▶ Exercise
This exercise calls for the line with "de publicación con", the line with "españolas, en los", and all lines between them in the material below, output exactly and with no other lines.

▶ Exercise input
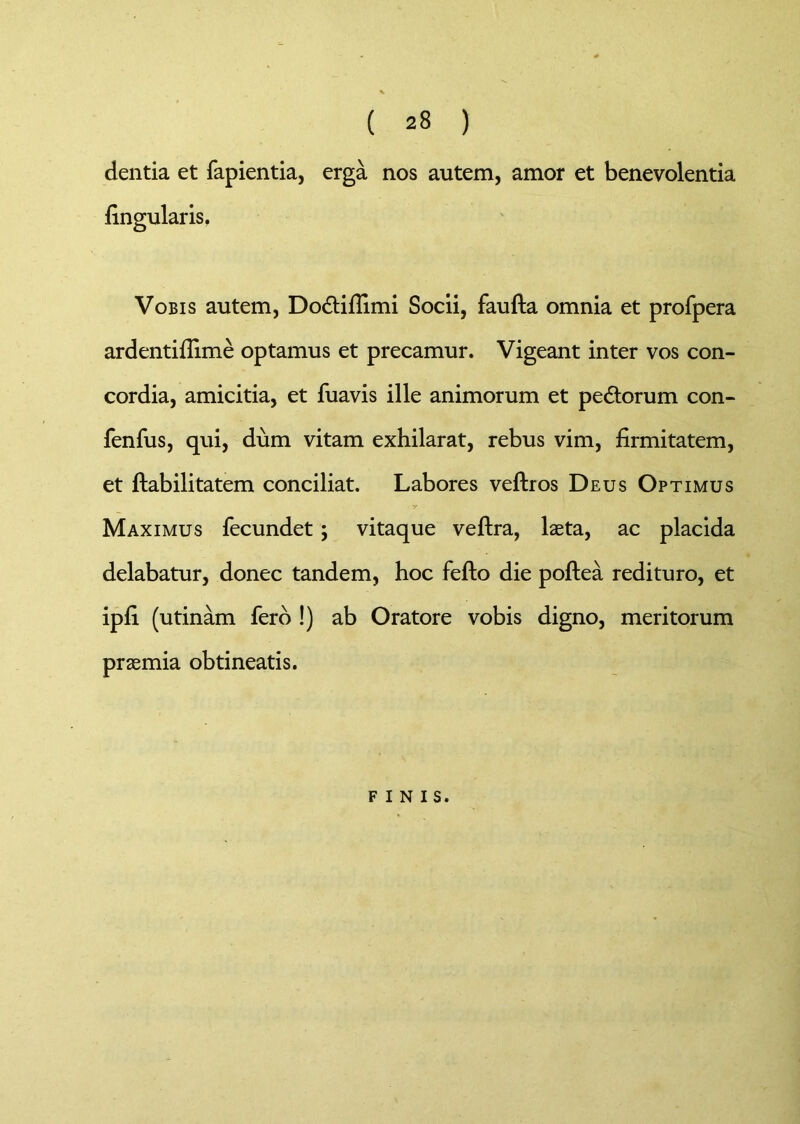 dentia et fapientia, erga nos autem, amor et benevolentia lingularis. Vobis autem, Do&ifiimi Socii, faufta omnia et profpera ardentiflime optamus et precamur. Vigeant inter vos con- cordia, amicitia, et fuavis ille animorum et pedtorum con- fenfus, qui, dum vitam exhilarat, rebus vim, firmitatem, et Habilitatem conciliat. Labores veftros Deus Optimus y Maximus fecundet; vitaque veftra, laeta, ac placida delabatur, donec tandem, hoc fefto die poftea redituro, et ipfi (utinam fero !) ab Oratore vobis digno, meritorum praemia obtineatis. finis.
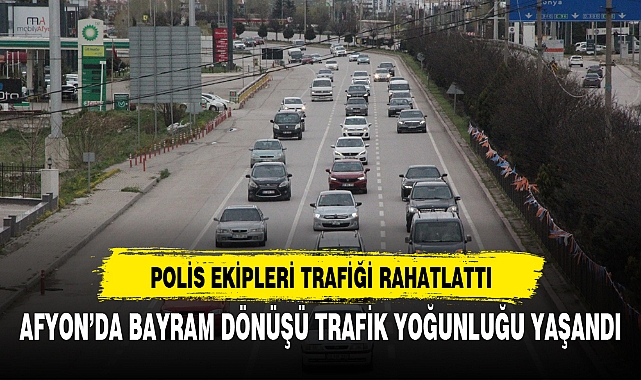 AFYON’DA BAYRAM DÖNÜŞÜ TRAFİK YOĞUNLUĞU YAŞANDI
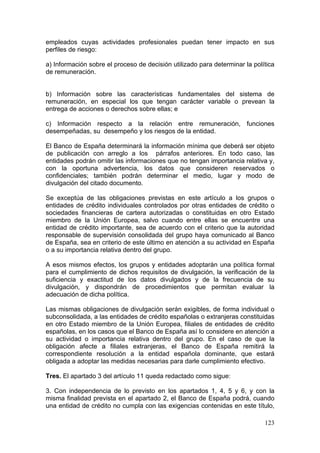 empleados cuyas actividades profesionales puedan tener impacto en sus
perfiles de riesgo:

a) Información sobre el proceso de decisión utilizado para determinar la política
de remuneración.


b) Información sobre las características fundamentales del sistema de
remuneración, en especial los que tengan carácter variable o prevean la
entrega de acciones o derechos sobre ellas; e

c) Información respecto a la relación entre remuneración, funciones
desempeñadas, su desempeño y los riesgos de la entidad.

El Banco de España determinará la información mínima que deberá ser objeto
de publicación con arreglo a los párrafos anteriores. En todo caso, las
entidades podrán omitir las informaciones que no tengan importancia relativa y,
con la oportuna advertencia, los datos que consideren reservados o
confidenciales; también podrán determinar el medio, lugar y modo de
divulgación del citado documento.

Se exceptúa de las obligaciones previstas en este artículo a los grupos o
entidades de crédito individuales controlados por otras entidades de crédito o
sociedades financieras de cartera autorizadas o constituidas en otro Estado
miembro de la Unión Europea, salvo cuando entre ellas se encuentre una
entidad de crédito importante, sea de acuerdo con el criterio que la autoridad
responsable de supervisión consolidada del grupo haya comunicado al Banco
de España, sea en criterio de este último en atención a su actividad en España
o a su importancia relativa dentro del grupo.

A esos mismos efectos, los grupos y entidades adoptarán una política formal
para el cumplimiento de dichos requisitos de divulgación, la verificación de la
suficiencia y exactitud de los datos divulgados y de la frecuencia de su
divulgación, y dispondrán de procedimientos que permitan evaluar la
adecuación de dicha política.

Las mismas obligaciones de divulgación serán exigibles, de forma individual o
subconsolidada, a las entidades de crédito españolas o extranjeras constituidas
en otro Estado miembro de la Unión Europea, filiales de entidades de crédito
españolas, en los casos que el Banco de España así lo considere en atención a
su actividad o importancia relativa dentro del grupo. En el caso de que la
obligación afecte a filiales extranjeras, el Banco de España remitirá la
correspondiente resolución a la entidad española dominante, que estará
obligada a adoptar las medidas necesarias para darle cumplimiento efectivo.

Tres. El apartado 3 del artículo 11 queda redactado como sigue:

3. Con independencia de lo previsto en los apartados 1, 4, 5 y 6, y con la
misma finalidad prevista en el apartado 2, el Banco de España podrá, cuando
una entidad de crédito no cumpla con las exigencias contenidas en este título,

                                                                             123
 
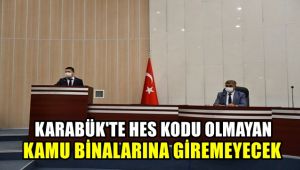 Karabük'te HES kodu olmayan kamu binalarına giremeyecek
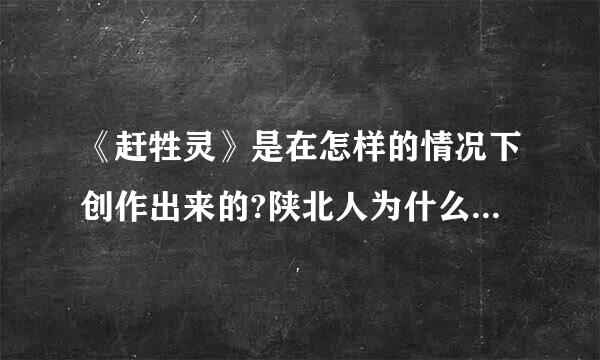 《赶牲灵》是在怎样的情况下创作出来的?陕北人为什么要赶牲灵?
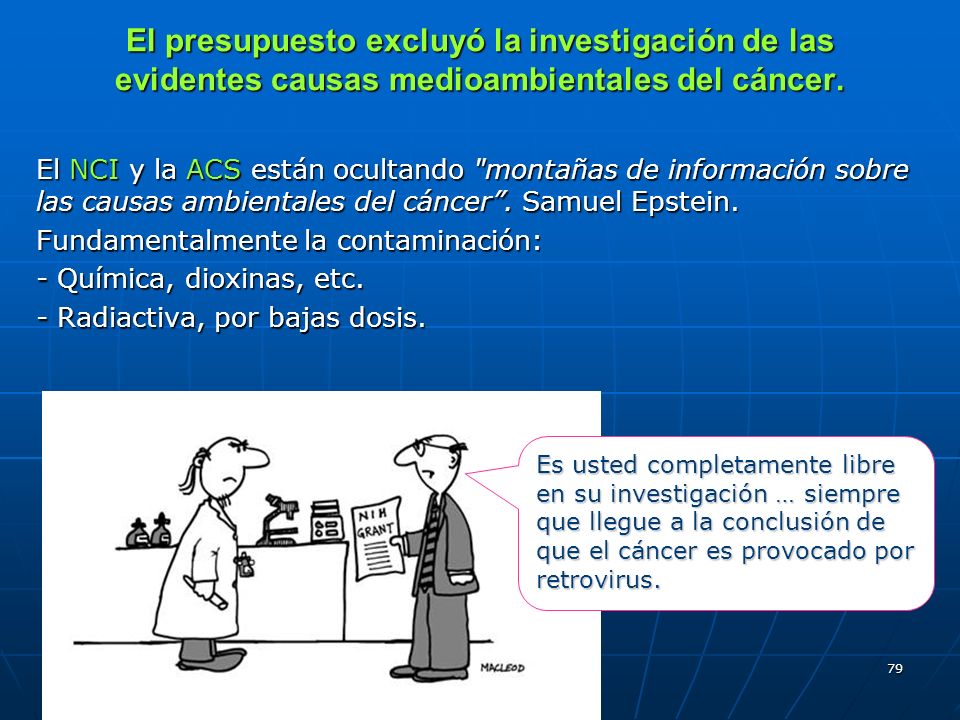 El presupuesto excluyó la investigación de las evidentes causas medioambientales del cáncer.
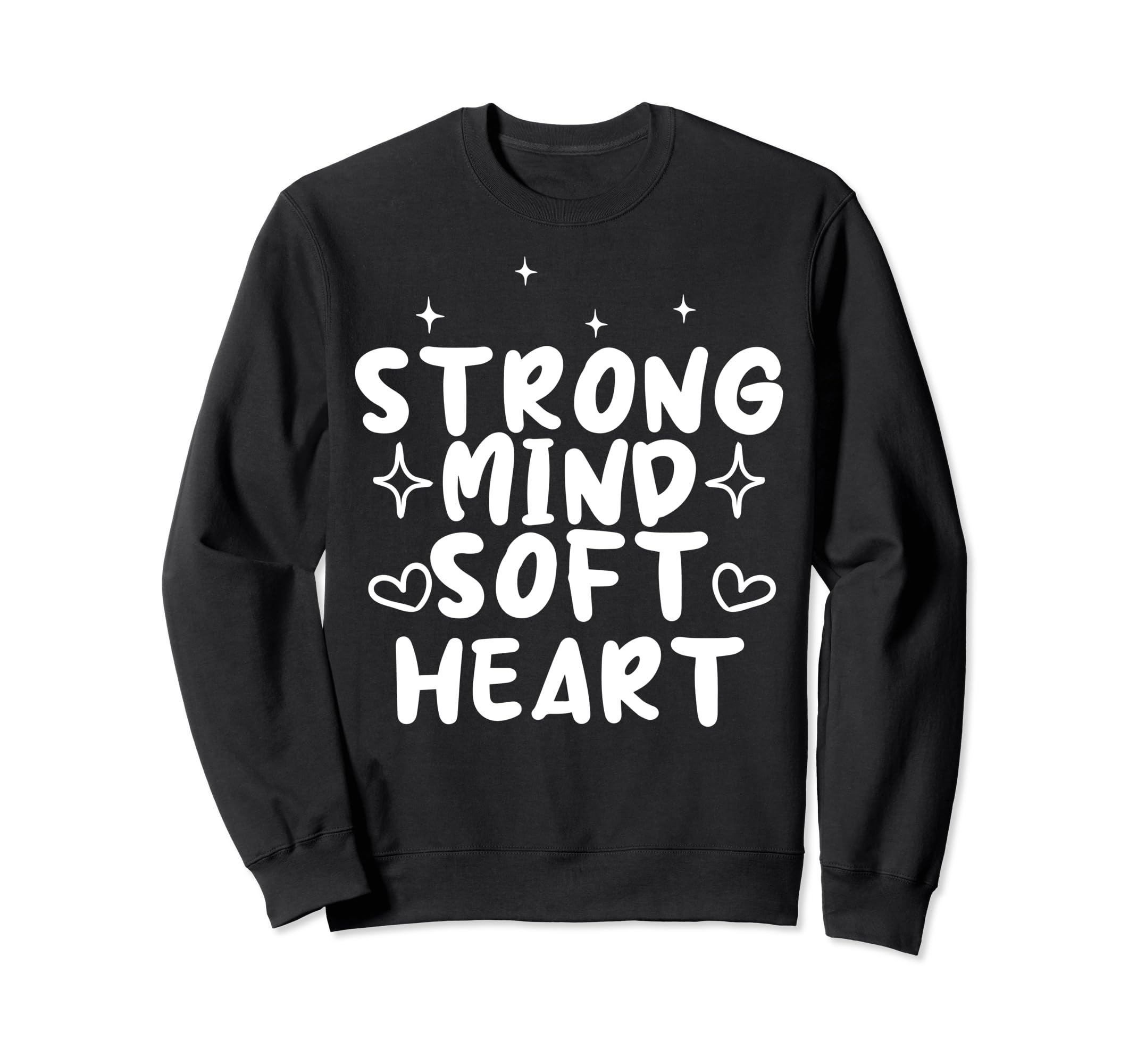 Strong Mind Soft Heart Depression Mental Sweatshirt - Graphic Print Unisex - T-Shirt, Sweatshirt, Hoodie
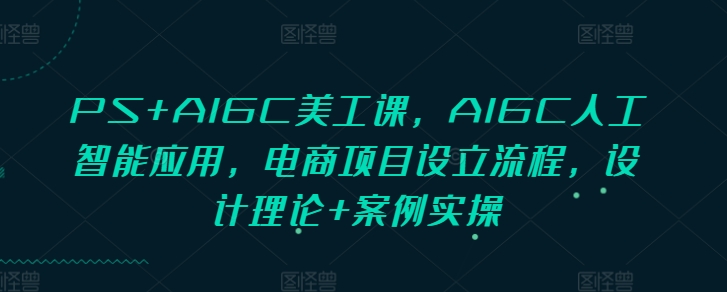 PS+AIGC美工课，AIGC人工智能应用，电商项目设立流程，设计理论+案例实操_就是爱分享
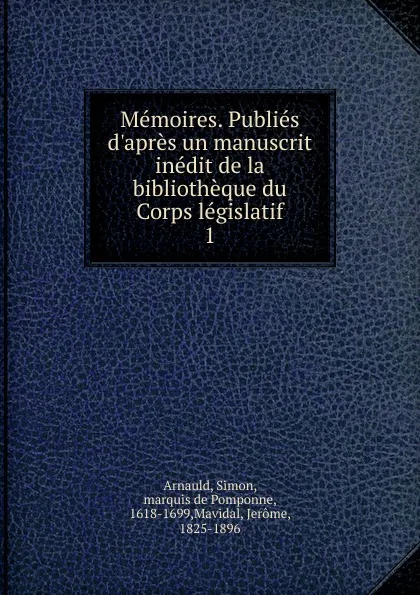 Обложка книги Memoires. Publies d.apres un manuscrit inedit de la bibliotheque du Corps legislatif, Simon Arnauld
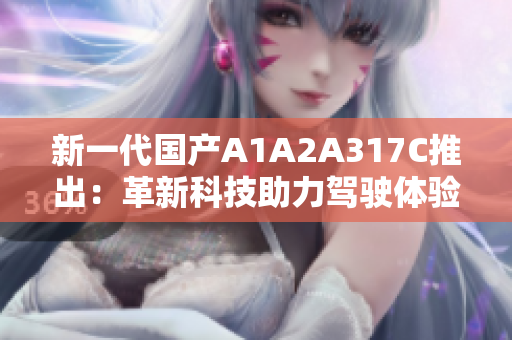 新一代国产A1A2A317C推出：革新科技助力驾驶体验提升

▶ Result for this task
de publicación con arreglo a los párrafos anteriores. En todo caso, las
entidades podrán omitir las informaciones que no tengan importancia relativa y,
con la oportuna advertencia, los datos que consideren reservados o
confidenciales; también podrán determinar el medio, lugar y modo de
divulgación del citado documento.

Se exceptúa de las obligaciones previstas en este artículo a los grupos o
entidades de crédito individuales controlados por otras entidades de crédito o
sociedades financieras de cartera autorizadas o constituidas en otro Estado
miembro de la Unión Europea, salvo cuando entre ellas se encuentre una
entidad de crédito importante, sea de acuerdo con el criterio que la autoridad
responsable de supervisión consolidada del grupo haya comunicado al Banco
de España, sea en criterio de este último en atención a su actividad en España
o a su importancia relativa dentro del grupo.

A esos mismos efectos, los grupos y entidades adoptarán una política formal
para el cumplimiento de dichos requisitos de divulgación, la verificación de la
suficiencia y exactitud de los datos divulgados y de la frecuencia de su
divulgación, y dispondrán de procedimientos que permitan evaluar la
adecuación de dicha política.

Las mismas obligaciones de divulgación serán exigibles, de forma individual o
subconsolidada, a las entidades de crédito españolas o extranjeras constituidas
en otro Estado miembro de la Unión Europea, filiales de entidades de crédito
españolas, en los casos que el Banco de España así lo considere en atención a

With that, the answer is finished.